- The data:
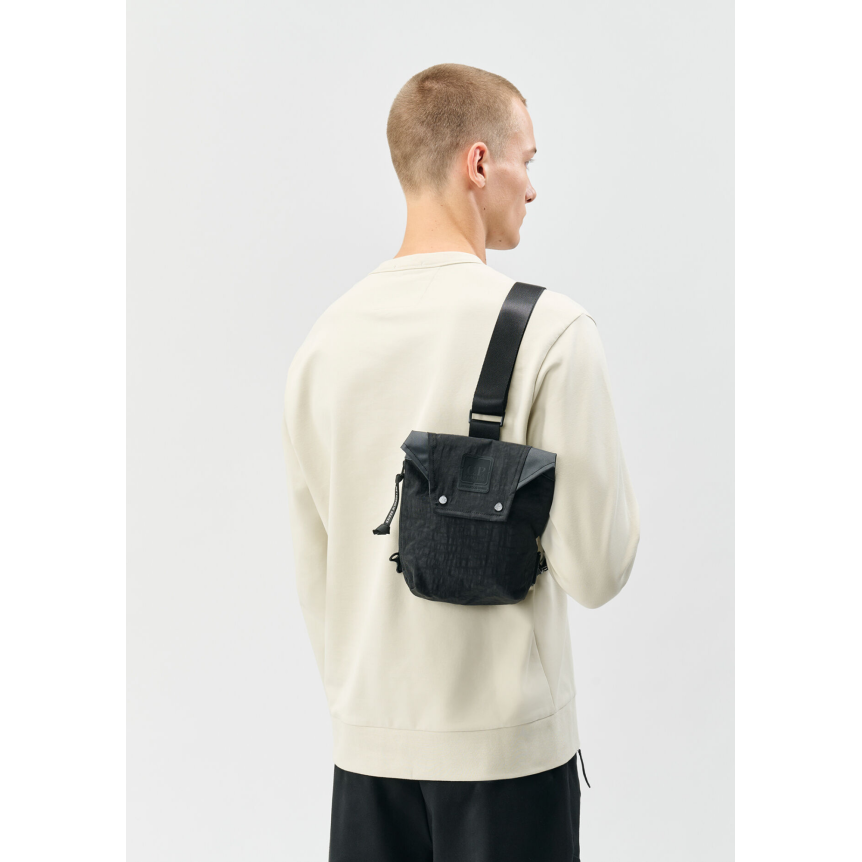 Sac à bandoulière CP COMPANY tissu polyamide Quartz noir Metropolis Series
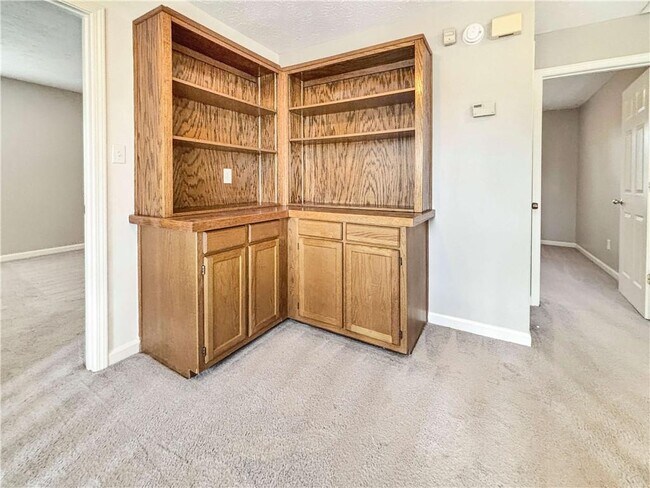 Building Photo - 5907 Brookside Dr SE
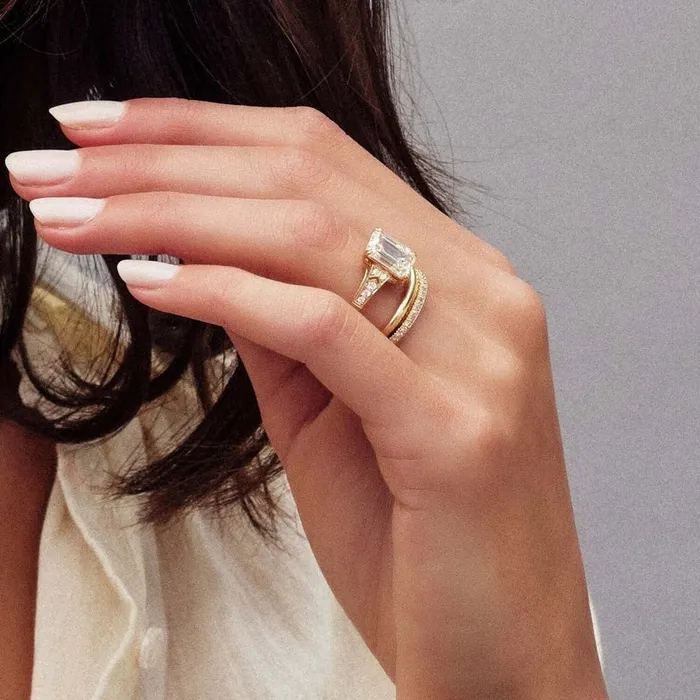 Single Stone Small Leda Band Single Stone Rings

- Task item:
Hand back the data above exactly, leaving out all pictures.

- Answer box:
 Sac à bandoulière CP COMPANY tissu polyamide Quartz noir Metropolis Series
 Building Photo - 5907 Brookside Dr SE
 Single Stone Small Leda Band Single Stone Rings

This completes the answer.